Он принимает мое молчание за внимание к его словам и продолжает:
— Этому кораблю не нужен капитан. Его путь был определен давным-давно, и корабль был создан так, чтобы работать без вмешательства человека, — старик вздыхает. — Но хоть корабль и может обойтись без руководства, люди — нет. Я — самый старший из них. Я — их лидер, — он берет со стола доктора круглое пресс-папье и рассматривает его так, словно держит в руках весь мир. На самом деле ведь так оно и есть. Корабль — его мир.
— Ясно.
— Поэтому мне подчиняются все.
— Чудно.
— Включая тебя.
— Ладно.
Старейшина испепеляет меня взглядом. Обрушивает пресс-папье обратно на докторский стол — но не туда, где оно лежало изначально. Доктор тянется к нему, словно желая подвинуть на место, но все же сдерживается.
— И поэтому, — продолжает он, — я не могу позволить никаким аномалиям нарушать спокойное течение жизни людей. А ты — аномалия.
— Я?
— Да. Ты не похожа на нас, ты говорить иначе, ты — другая.
— Звучит так, словно я какой-то урод!
— На этом корабле так оно и есть. Во-первых, — продолжает он, не давая мне времени возразить, — твой внешний вид.
— И?
— Мы моноэтничны, — поясняет доктор, наклоняясь вперед. — Одинаковые кожа, волосы, цвет глаз. Это вполне естественно на корабле, где нет притока новой крови. Наши черты слились на генетическом уровне.

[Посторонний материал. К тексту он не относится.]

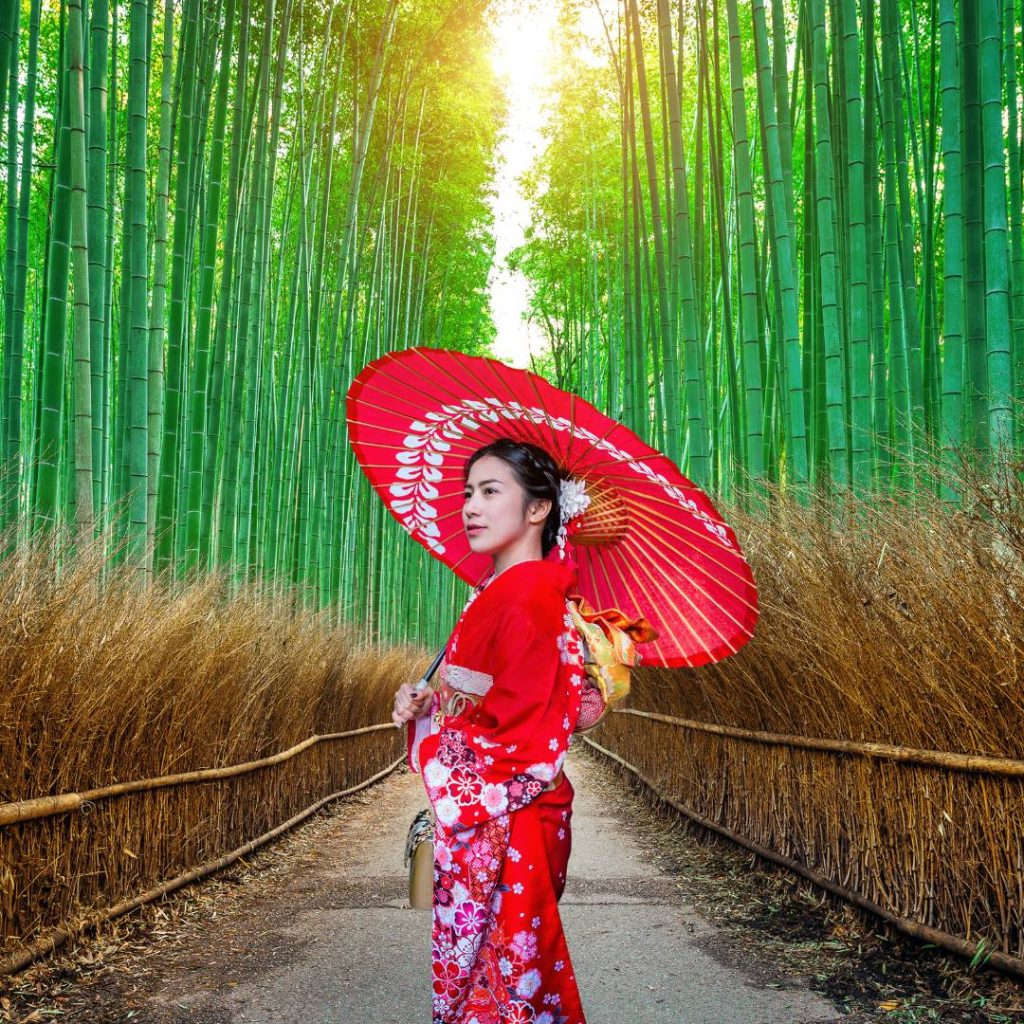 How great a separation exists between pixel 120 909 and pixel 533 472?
2.01 metres

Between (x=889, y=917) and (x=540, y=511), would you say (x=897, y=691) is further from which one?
(x=540, y=511)

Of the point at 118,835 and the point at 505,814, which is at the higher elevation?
the point at 505,814

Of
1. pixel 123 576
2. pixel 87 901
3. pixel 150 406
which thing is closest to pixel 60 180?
pixel 150 406

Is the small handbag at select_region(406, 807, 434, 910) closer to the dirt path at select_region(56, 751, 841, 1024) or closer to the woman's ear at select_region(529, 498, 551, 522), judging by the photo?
the woman's ear at select_region(529, 498, 551, 522)

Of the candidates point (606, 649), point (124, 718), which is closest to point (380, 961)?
point (124, 718)

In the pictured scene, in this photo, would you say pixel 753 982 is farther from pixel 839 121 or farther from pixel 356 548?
pixel 356 548

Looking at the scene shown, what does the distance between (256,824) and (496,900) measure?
328 centimetres

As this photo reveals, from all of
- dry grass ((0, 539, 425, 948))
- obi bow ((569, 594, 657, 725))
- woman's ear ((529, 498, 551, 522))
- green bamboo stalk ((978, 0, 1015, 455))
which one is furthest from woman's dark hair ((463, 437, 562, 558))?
green bamboo stalk ((978, 0, 1015, 455))

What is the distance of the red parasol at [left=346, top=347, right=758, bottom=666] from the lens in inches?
71.3

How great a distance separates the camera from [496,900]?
1.52m

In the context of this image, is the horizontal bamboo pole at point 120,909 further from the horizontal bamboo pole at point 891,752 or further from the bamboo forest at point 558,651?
the horizontal bamboo pole at point 891,752

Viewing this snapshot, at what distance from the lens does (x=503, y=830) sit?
152 cm

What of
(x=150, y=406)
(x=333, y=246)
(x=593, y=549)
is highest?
(x=333, y=246)

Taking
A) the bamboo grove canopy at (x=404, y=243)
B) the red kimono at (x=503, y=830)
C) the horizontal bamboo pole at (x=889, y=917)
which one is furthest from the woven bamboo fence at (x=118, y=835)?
the horizontal bamboo pole at (x=889, y=917) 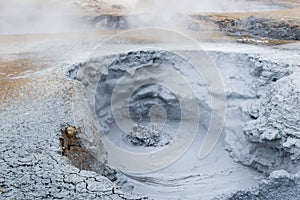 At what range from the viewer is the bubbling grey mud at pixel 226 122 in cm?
479

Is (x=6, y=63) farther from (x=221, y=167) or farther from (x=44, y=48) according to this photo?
(x=221, y=167)

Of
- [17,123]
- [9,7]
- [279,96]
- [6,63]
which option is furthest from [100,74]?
[9,7]

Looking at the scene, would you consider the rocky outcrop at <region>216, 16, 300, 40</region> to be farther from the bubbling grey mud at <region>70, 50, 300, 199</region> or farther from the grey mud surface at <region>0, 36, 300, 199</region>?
the grey mud surface at <region>0, 36, 300, 199</region>

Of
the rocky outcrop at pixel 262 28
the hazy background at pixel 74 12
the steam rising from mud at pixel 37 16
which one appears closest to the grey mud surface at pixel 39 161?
the rocky outcrop at pixel 262 28

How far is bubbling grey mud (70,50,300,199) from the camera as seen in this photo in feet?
15.7

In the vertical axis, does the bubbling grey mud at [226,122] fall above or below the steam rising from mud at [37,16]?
below

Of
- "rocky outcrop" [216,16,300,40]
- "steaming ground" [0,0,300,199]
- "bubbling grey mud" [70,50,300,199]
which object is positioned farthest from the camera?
"rocky outcrop" [216,16,300,40]

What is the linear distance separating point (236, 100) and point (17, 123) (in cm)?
384

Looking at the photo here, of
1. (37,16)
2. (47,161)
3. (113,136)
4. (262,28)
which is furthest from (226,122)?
(37,16)

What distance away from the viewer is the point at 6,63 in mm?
6504

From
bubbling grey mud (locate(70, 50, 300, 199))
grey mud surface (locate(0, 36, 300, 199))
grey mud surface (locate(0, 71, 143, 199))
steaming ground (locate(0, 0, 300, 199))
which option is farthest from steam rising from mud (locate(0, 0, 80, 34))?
grey mud surface (locate(0, 71, 143, 199))

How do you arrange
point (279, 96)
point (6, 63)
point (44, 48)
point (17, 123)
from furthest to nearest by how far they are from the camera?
1. point (44, 48)
2. point (6, 63)
3. point (279, 96)
4. point (17, 123)

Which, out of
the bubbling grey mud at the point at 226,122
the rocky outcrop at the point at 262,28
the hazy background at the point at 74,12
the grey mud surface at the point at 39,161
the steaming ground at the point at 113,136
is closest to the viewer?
the grey mud surface at the point at 39,161

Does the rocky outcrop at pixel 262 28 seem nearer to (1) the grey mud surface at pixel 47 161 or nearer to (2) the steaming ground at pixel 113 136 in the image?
(2) the steaming ground at pixel 113 136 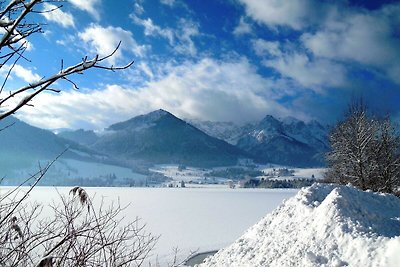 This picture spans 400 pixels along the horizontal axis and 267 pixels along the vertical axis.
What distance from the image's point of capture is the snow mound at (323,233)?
33.4ft

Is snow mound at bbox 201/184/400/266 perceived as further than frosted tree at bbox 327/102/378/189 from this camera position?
No

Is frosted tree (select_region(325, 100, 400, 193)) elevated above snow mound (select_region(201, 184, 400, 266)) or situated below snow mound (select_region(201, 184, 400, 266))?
above

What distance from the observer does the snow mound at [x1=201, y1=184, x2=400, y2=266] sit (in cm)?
1018

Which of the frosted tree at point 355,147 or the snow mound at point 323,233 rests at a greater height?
the frosted tree at point 355,147

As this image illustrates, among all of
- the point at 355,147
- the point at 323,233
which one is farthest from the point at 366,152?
the point at 323,233

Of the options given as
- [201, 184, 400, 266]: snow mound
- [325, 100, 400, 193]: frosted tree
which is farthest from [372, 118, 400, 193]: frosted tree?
[201, 184, 400, 266]: snow mound

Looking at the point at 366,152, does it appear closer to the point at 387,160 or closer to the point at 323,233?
the point at 387,160

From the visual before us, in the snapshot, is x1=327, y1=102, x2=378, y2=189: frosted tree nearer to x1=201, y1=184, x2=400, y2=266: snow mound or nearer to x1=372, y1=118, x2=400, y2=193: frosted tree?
x1=372, y1=118, x2=400, y2=193: frosted tree

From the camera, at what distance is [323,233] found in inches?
471

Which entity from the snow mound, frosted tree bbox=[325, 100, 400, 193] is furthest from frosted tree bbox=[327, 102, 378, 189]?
the snow mound

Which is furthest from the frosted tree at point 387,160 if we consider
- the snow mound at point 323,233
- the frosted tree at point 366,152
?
the snow mound at point 323,233

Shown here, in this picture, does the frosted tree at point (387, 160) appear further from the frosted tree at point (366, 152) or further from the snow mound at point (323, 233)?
the snow mound at point (323, 233)

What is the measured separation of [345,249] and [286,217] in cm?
467

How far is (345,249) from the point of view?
34.5ft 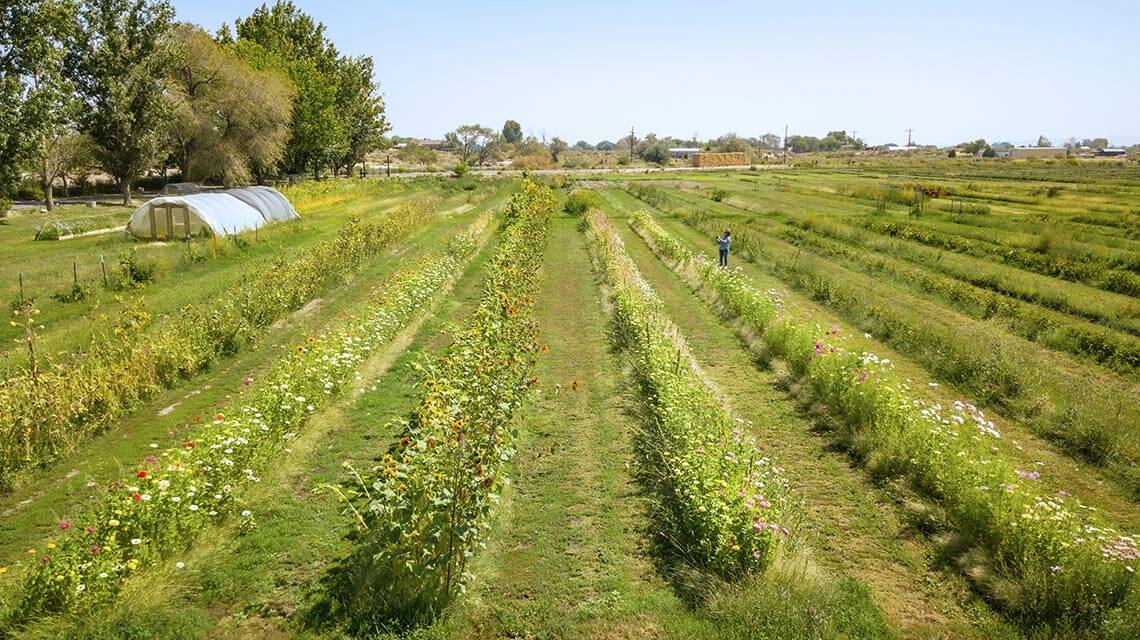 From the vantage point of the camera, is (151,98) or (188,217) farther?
A: (151,98)

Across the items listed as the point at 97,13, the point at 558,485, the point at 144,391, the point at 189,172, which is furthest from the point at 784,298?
the point at 189,172

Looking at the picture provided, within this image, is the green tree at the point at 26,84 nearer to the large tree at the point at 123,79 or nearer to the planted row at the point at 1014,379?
the large tree at the point at 123,79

Бросаю взгляд вниз, на рыжие волосы, спадающие мне на плечи, на бледную-бледную кожу, на которой вечно высыпают миллионы веснушек. Трудно представить себе внешность, более непохожую на темно-оливковую кожу и седеющие волосы, в которых у доктора еще остались темно-каштановые пряди. У Старейшины волосы почти белые, но видно, что когда-то они тоже были темными, под цвет кожи и глаз.
— У тебя не только нелепо бледная кожа и причудливый цвет волос, — добавляет он, — ты еще и аномально молода.
— Мне семнадцать!
— Именно, — отзывается доктор. Он произносит это медленно, словно ему противен даже самый мой возраст. — Видишь ли, мы регулируем спаривания, — он пытается говорить спокойным и дружелюбным тоном, но в то же время продолжает нервно поглядывать на Старейшину.
— Спаривание? — неверяще повторяю я. У них и на секс есть запреты?
— Нельзя допускать кровосмешения.
— Ой, фу!
Старейшина меня игнорирует.
— Контроль легче поддерживать, если установлены рамки поколений. Молодому поколению, к которому принадлежит большинство людей в этой Палате, сейчас двадцать с небольшим, и их Сезон вот-вот настанет. Поколению Дока — старшему — сейчас чуть больше сорока.
В голове у меня все смешалось.
— То есть вы хотите сказать, на корабле сейчас два поколения, и всем либо двадцать, либо сорок?
Старик кивает.
— С незначительными исключениями: некоторые дети родились чуть раньше или чуть позже остальных, есть многодетные семьи. Мы все еще восстанавливаем население после великой Чумы, бушевавшей несколько поколений назад.
— Чумы?
— Опустошительной эпидемии, — встревает доктор. — Погибло больше трех четвертей населения корабля, и мы еще не полностью восстановились.
Я вспоминаю свой последний год на Земле. Папа взял меня с собой в обсерваторию в штате Юта, чтобы отметить завершение проекта «Ковчег». Корабль большей частью строили в космосе, сотнями запуская шаттлы с материалами и людьми на место строительства на орбите. Это был самый крупный космический проект, который когда-либо затевали земляне.
Но мне он показался просто яркой круглой кляксой в телескопе.
— Примерно лет двадцать пять назад построили Международную космическую станцию — строили ее десять лет, длина — триста футов. А теперь меньше чем за четыре года мы создали корабль вдвое больший, чем весь остров Иводзима, — рассказывал папа. В голосе его звенела гордость.